WJT: Geoffrey Rockwell and Stéfan Sinclair, colleagues of ours on the Criminal Intent project, practiced a method of collaboratively investigating a text while developing the tools to do so. They were influenced by the agile software development technique of pair programming, where a pair of programmers share a workstation. Since Tim and I are based in Londons that are about 5800 km apart, we had to do this virtually. We kept in touch through regular email and video conferences. After 2019 the practice has become much more familiar. See Geoffrey Rockwell and Stéfan Sinclair,* Hermeneutica: Computer-Assisted Interpretation in the Humanities* (Cambridge, MA: MIT Press, 2016).

The existence of a digital edition provides an opportunity to analyze this source in new ways. Digital representations of texts have a number of characteristics that distinguish them from more traditional sources. The “transaction costs” involved in their use are radically reduced; however, more importantly, the types of information available for analysis are changed.13 In a limited sense, machines can “read” through vast amounts of digital text very quickly, even though they cannot fully understand it. This allows for machine reading to complement and supplement the work of “close reading” undertaken by humans as part of the task of exploring the character of large corpora of text and of locating shorter texts in their fullest context. This methodology builds on what Franco Moretti describes as “distant reading,” but more ambitiously enables the whole text to be examined in a form that facilitates the identification of large-scale patterns, while simultaneously allowing for detection of small-scale trends, and outliers. It creates a version of what Katy Börner has dubbed a “macroscope,” allowing large and small scale characteristics to be viewed simultaneously.14 The graphs presented with this article, therefore, are not solely designed to illustrate or highlight specific points, but rather to allow all the available data to be viewed at a single glance, and to facilitate an open-eyed engagement with the patterns revealed.15

TH: The ‘tagging’ applied to the Proceedings was originally designed between 2000 and 2001; and evolved into a complex overlay that sought to characterise crimes, verdicts and punishments; names and roles; and textual structures, from paragraph to trial to session. But it is important to remember that the tagging was originally designed around the parts of the Proceedings we understood best in 2000 (the materials published in the mid-eighteenth century), and was implemented at a time when general tagging strategies for historical material had not yet been fully defined. As a result, the tagging emerged as a consistent, bespoke ‘lens’ through which to view a rapidly changing textual object. We were generally able to revise the tagging to incorporate legal changes up to around 1830, but the volume and complex nature of later material largely defeated us. If we had built our tagging schema on a close reading of the last 50 years of the Proceedings, instead of the first, it would almost certainly have looked very different.

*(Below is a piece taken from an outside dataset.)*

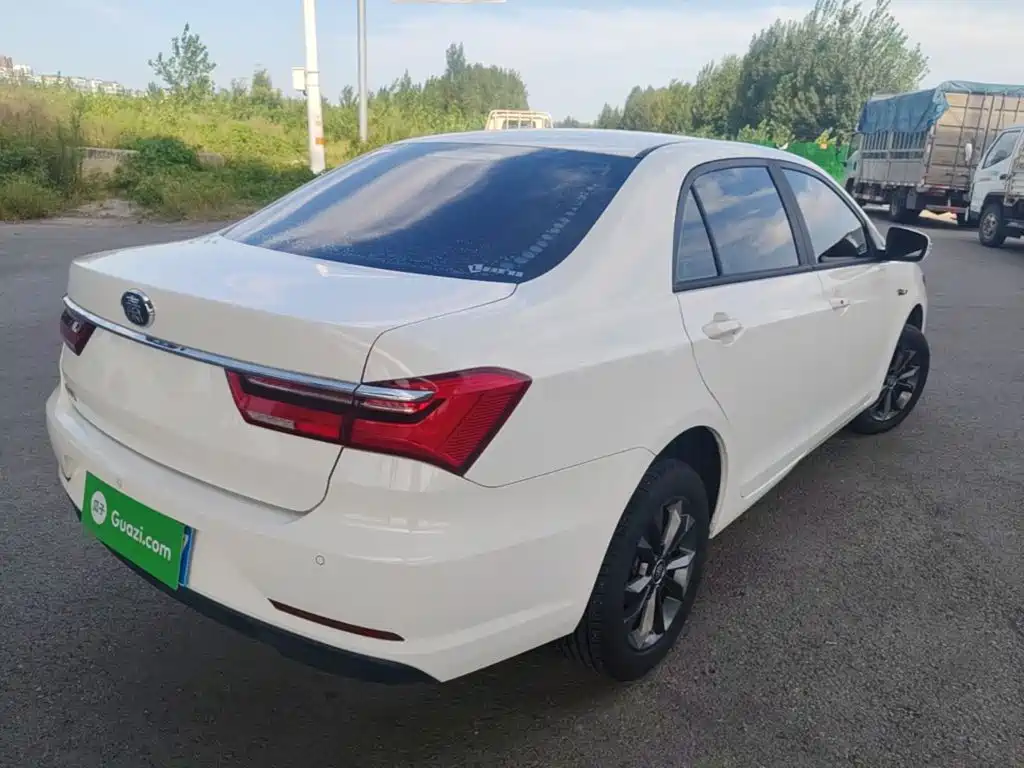 BYD Qin — миниатюра 7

The electronic edition of the Proceedings has one additional characteristic that influences how it can be read. In constructing the underlying data set, texts were “tagged” to encode substantial information about each trial.16 For example, the trial of Elizabeth Draper, referred to earlier, has been tagged to indicate that “Elizabeth Draper” is a woman’s name, and that her trial was for a specific offense, resulted in a specific verdict, and took place at a given session. This tagging allows us to analyze predetermined types of data (verdict, for example), while simultaneously “mining” the text for characteristics (i.e., trial length) that have not been tagged.17

TH: The use of a ‘trial’ also has a substantial effect on the nature of the argument presented here. It creates the impression that a ‘trial’ in 1674, was somehow the same thing as one held in 1913. But the character of the criminal justice system changed dramatically through these 240 years. The rise of ‘plea bargaining’ (discussed and evidenced below), for example, measures the extent an Old Bailey trial became a rubber stamp affixed to a judicial process located elsewhere. The creation of a professional police, the increasing involvement of the legal profession, and the rise of the carceral state, all changed the nature of the ‘trial’. As a result, choosing trials as the unit of analysis both hides the dramatic shift in the administrative context for the Proceedings, and de-centres the experience of the defendant.

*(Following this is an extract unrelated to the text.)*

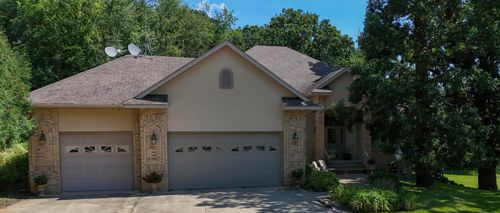 71952 Phillip Dr, Albert Lea, MN, 56007-4225 | Card Image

WJT: Text mining typically involves processes of standardization and simplification. In footnote 17 we discuss some of the technical details and decisions made when transforming the XML files into raw text. Other common strategies (which we also employed) include creating representations like ‘bags of words’, lists of all the words that appear in a text, along with frequency information for each. These might be further simplified by removing stopwords like ‘and’ and ‘the’, removing any words that do not appear in a dictionary or gazetteer, and so on. As far as I know, it is much less common to try to rethink the structure of the documents in the corpus. In our work so far, we have not made a serious effort to try to create a defendant-centric view of the Proceedings that gets away from the ‘trial’ as a unit of analysis.

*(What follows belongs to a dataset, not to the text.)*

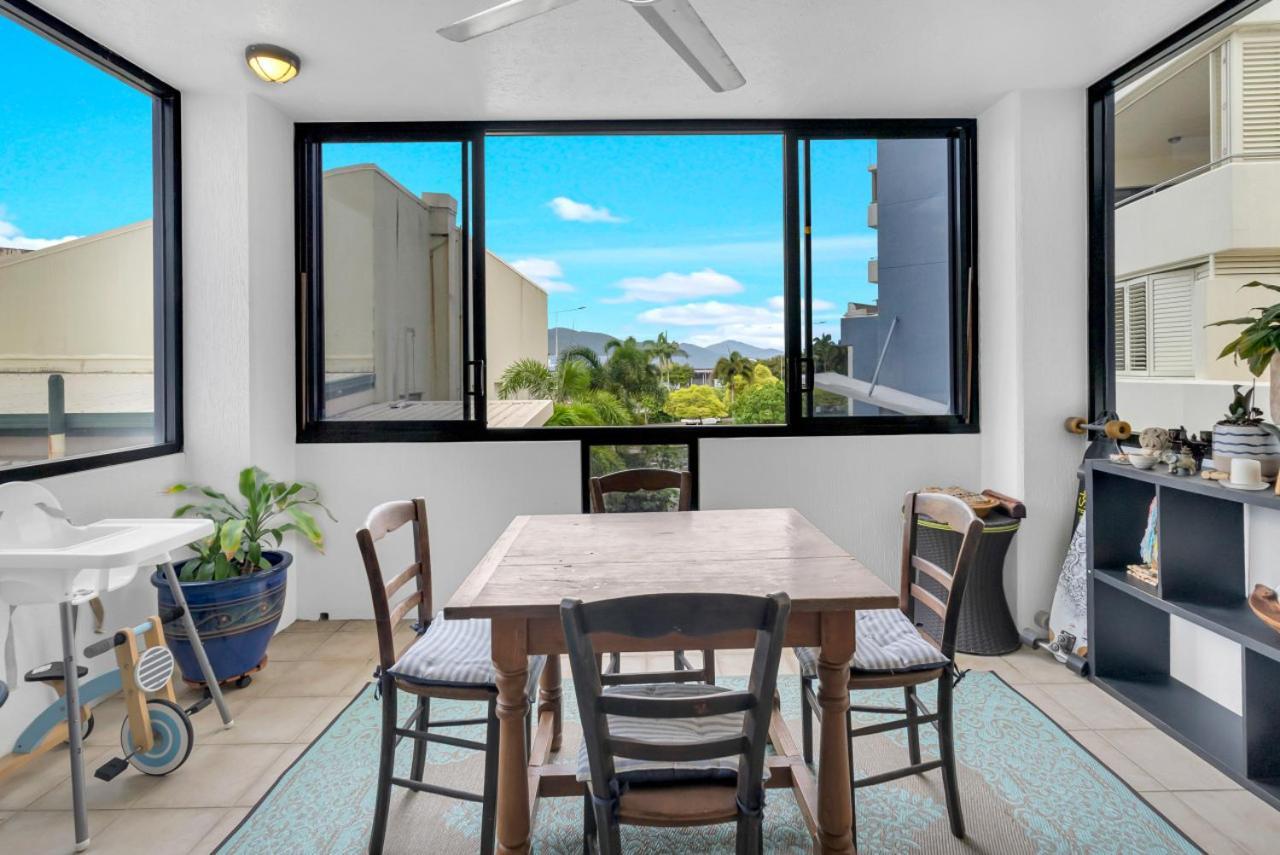 Portofino Coastal Retreat Apartment Cairns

The existence of a tagged version of the Proceedings as well as a full transcription allows for comparison of two consistent representations of the same text–one reflecting the tagged trials, and the second composed of the raw text of each trial adapted to facilitate “mining.” The process raises serious questions. Using “trial,” for example, as the basic unit of measurement for working with the Proceedings is problematic. Although the comprehensive online edition of the Proceedings contain 197,745 “trials,” it names more ethan 253,385 defendants, reflecting 211,112 offenses, committed against 203,501 victims. The use of “trial” as a unit of measure could hide variations in the numbers of defendants processed or offenses considered at each “trial;”18 however, the use of this unit of measure has the overwhelming advantage of reflecting the structure of the Proceedings themselves.

With this proviso, these gross measures of publishing and court activity confirm that the Proceedings both evolved significantly and did so in a complex relationship to the changing scale of court business, with the press of the number of trials contributing to the changing length of the published text to a different extent in different periods.

Line graphe on words published per year from 1674 to 1913.

Figure 1.

Number of words published per year, 1674–1913 (dashed, scaled on the right), against the number of trials heard (solid, scaled on the left). Word counts are derived from trial text only and exclude prefatory material, advertisements, and punishment summaries. A 5 year moving average, or smoothing has been applied to both data series.

On the basis of Figure 1, the Proceedings can be roughly divided into two halves, at 1820 or thereabouts, with both the numbers of trials recorded and the amount of text published changing markedly. These two broad periods can in turn be roughly divided into four subperiods—1674–1730; 1730– 1820, 1820–50, and 1850–1913—each of which is characterized by a different pattern of both overall word length and number of trials recorded each year, and by a different relationship between these two measures.19

The first of these subperiods, 1674–1730, is marked by numerous gaps in either the publication history of the Proceedings, or in survival rates; and contains a large number of trials reported in only a few words.20 For these reasons, these early Proceedings have been largely ignored by historians of the criminal justice system as providing poor evidence of court behavior, and in this article will figure only in passing. Instead, the article will concentrate on the period from 1730 to 1820, and consider together the periods 1820–50 and 1850–1913.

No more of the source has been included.